第47話 キリマンジユ

 私達はキリマンジユ山に向かう。麓の村に大きなコーヒー農園があるのを見つけてジップが狂喜する。

 味王ジップは只今バリスタを目指して絶賛勉強中だ。焙煎機や様々なコーヒーを淹れる機器なども既に購入済みだ。

 大量のコーヒー豆を購入した。苗木も欲しそうだったが、中央大陸では温度の関係もあり、アサムあたりまで行かないと育てられないだろう。


 いよいよキリマンジユに入山。山に入るといきなり魔素が濃くなり魔物が増える。

 ダンジョンの魔物のようにめったやたらと襲ってくる訳ではないので、群れで襲ってきても何匹か倒せば、ほとんどの場合残りは逃げてゆく。
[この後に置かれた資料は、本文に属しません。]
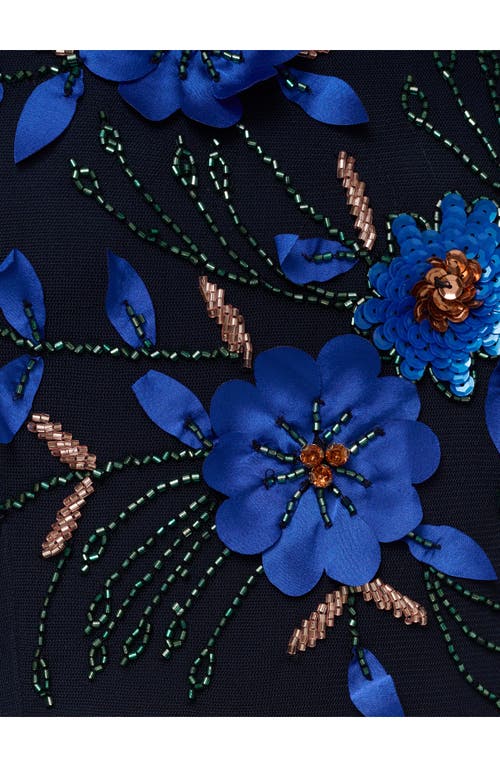 Adrianna Papell 3d Floral Beaded One-shoulder A-line Gown In Blue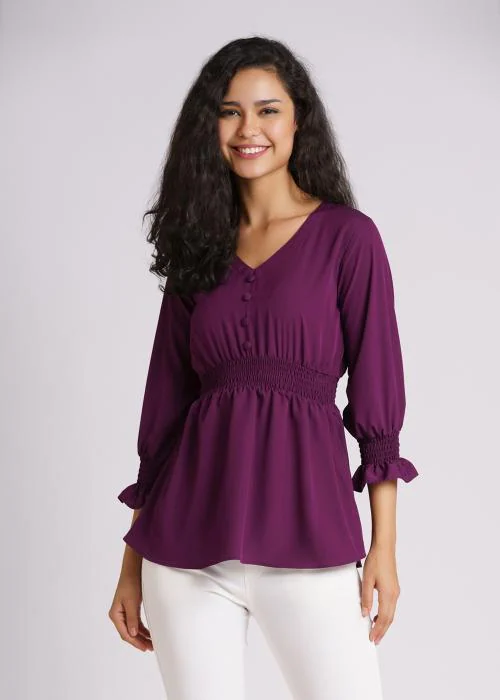 AASK Casual Wear Smocked Top Western wear V Neck tops for women & Girl Purple Color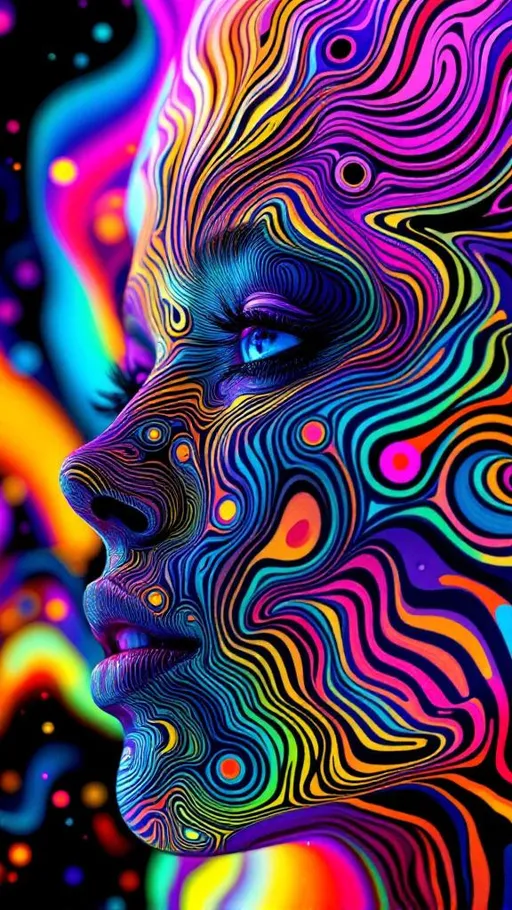 Prompt: Create an intensely surreal portrait of a woman’s face where the primary structure and expression are composed from bold, oversized Turing patterns—psychedelic stripes, spots, and swirling reaction-diffusion motifs that stretch dramatically across her skin like cosmic tattoos of nature’s algorithm. The Turing patterns should be unusually large, with high-contrast forms resembling exaggerated zebra stripes, tiger masks, and cellular mosaics, warped and woven fluidly around the topography of her facial features. Let these morphogenic textures distort across the bridge of her nose, spiral around her eyes, and ripple out from her cheeks like chemical shockwaves frozen in time.

Color is central: flood her face with richly saturated gradients of UV purples, electric indigo, acid green, and solar amber, shifting in frequency like oil slicks under alien sunlight. Her skin should glow with spectral light as if lit from beneath, illuminating the bold pattern geometry and pushing visual boundaries with chromatic aberration and moiré interference.

Her hair becomes a radiant crown of filamentous reaction-diffusion trails—fluid wavefronts spiraling like BZ reaction rings or branching like electrochemical dendrites. Each strand carries dynamic iridescence, shifting through prismatic neon colors with a magnetic, kinetic sheen, echoing both organic life and synthetic dream logic.

The entire portrait radiates a feeling of intelligent emergence—half-human, half-algorithm, suspended in a glowing biosynthetic ether where chemical physics meets visionary psychedelia.

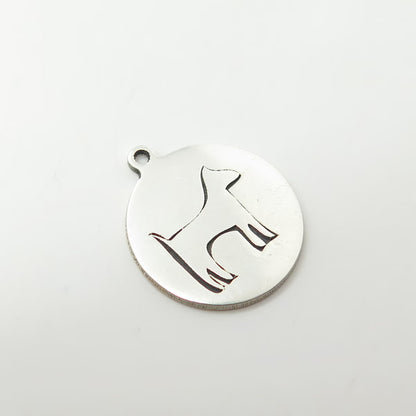 925 Sterling Silver USA Two In Town Dog Charm Pendant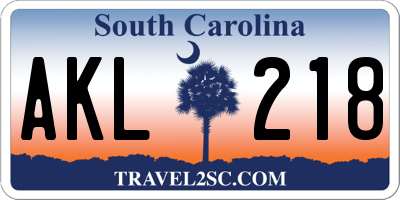 SC license plate AKL218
 指導の甲斐あって、魔物を倒しつつ、妖精の導く方向に危なげなく進んでゆく。

 確かに出会った頃の腕では既に10回以上死んでいる。

 高度が上がるとチベタのように少し空気が薄くなるが問題となる程ではない。

 入山3日目に目的の場所に着いた。


 「ここよ」


 『ここだわ』


 「あれがコナナ草よ」


 『あれがコナナ草だわ』


あたり一面が全てココナ草らしい。

 採取して纏めてバッグに放り込む。マジックバッグは使う者の魔力によって容量が増えるし、使い込む事によっても容量が増える。

 数年使い続けている私達のバッグは容量の心配は無い。

 町に大量に持ち込めば一部の人間は値段が落ちた事により損はするだろうが、絶対量が少ないのなら総額は大した事はないだろう。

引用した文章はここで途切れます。